History will be made this week as we inaugurate our first African-American president, Barack Obama (as if you’ve been living in a cave for the past few months).  The job he faces is one I wouldn’t wish on any enemy.  I think The Onion said it best with their post-election headline, “Black Man Given Nation’s Worst Job”.  Good luck, President Obama; I’ll be praying for you.

Mr. Obama’s election was a favorite topic of discussion when I visited with our partner in The Netherlands in December.  Without surprise, his election is viewed favorably around the world, part of the reason being (from what I’ve read and heard) that America has finally demonstrated that an African American (or any minority, for that matter) could hold the nation’s highest office.  I find this curious, as I’m totally unsurprised that we’ve elected an African American man president.  Perhaps it’s my generation, or where I grew up (South Mississippi); I just think I’ve always thought it inevitable.  The world’s impression of what’s possible (or not possible) in America notwithstanding, the world has huge (likely unrealistic) expectations of our new President.  It’s a good thing that President Obama will be backed by 300,000,000 willing and helpful Americans.

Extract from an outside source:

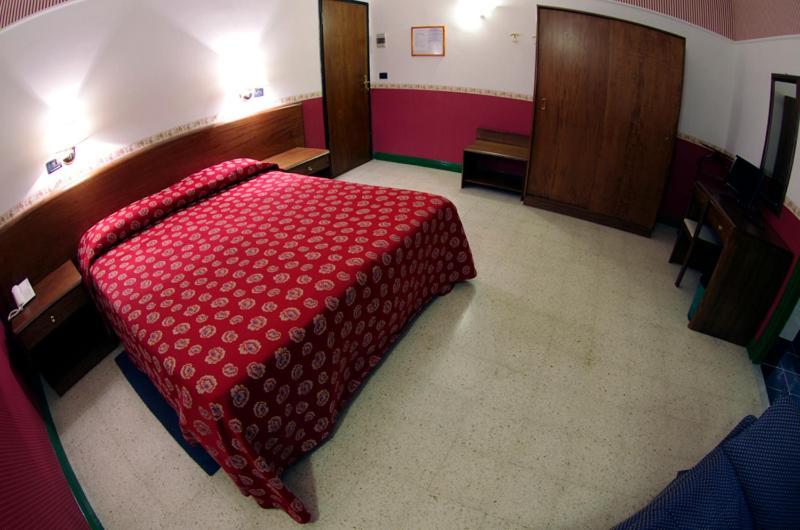 Hotel Iris Crillon Фиджи Номер фото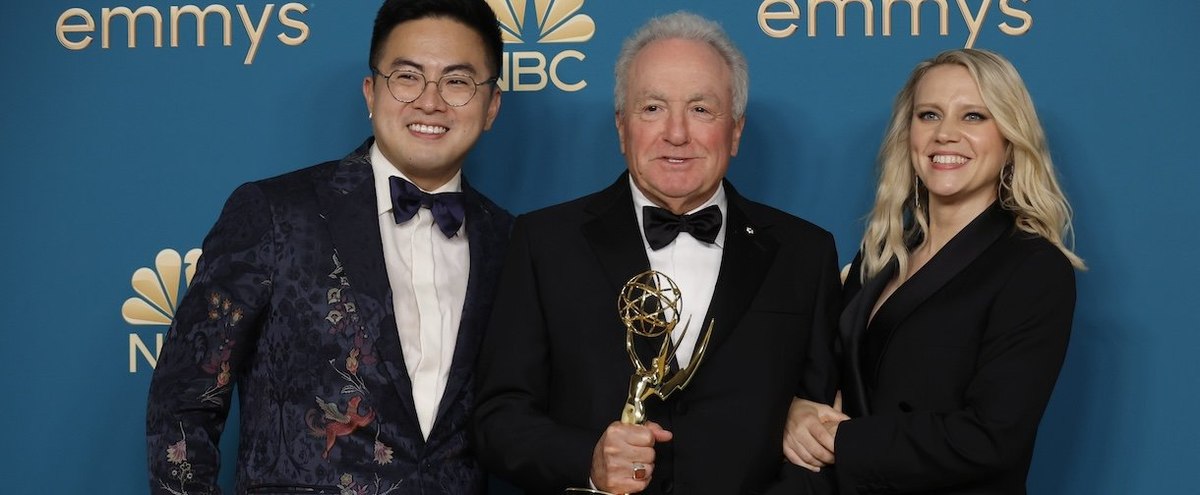 LOS ANGELES, CALIFORNIA - SEPTEMBER 12: Lorne Michaels (C), winner of Outstanding Variety Sketch Series for "Saturday Night Live," poses in the press room with Bowen Yang (L) and Kate McKinnon (R) during the 74th Primetime Emmys at Microsoft Theater on Se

So what does the future hold for us in the Obama era?  The American economy is a rubber band, being pulled back each month this recession continues, and soon the rubber band will be let loose.  There is already a huge backlog of technology infrastructure upgrades, from operating systems to servers.  Obama has promised significant investment in infrastructure and green technologies.  Americans continue to innovate with Web 2.0 and social technologies.  Americans will soon tire of driving their current cars and will start buying new ones again.  The glut of cheap housing will become attractive again as housing prices bottom out and cheap, 4.5% money is widely available.

The only question is how quickly can President Obama figure out how to let the rubber band loose.  I wish I knew the answer, but if there’s anything I can do to help in the meantime, Mr. President, please let me know.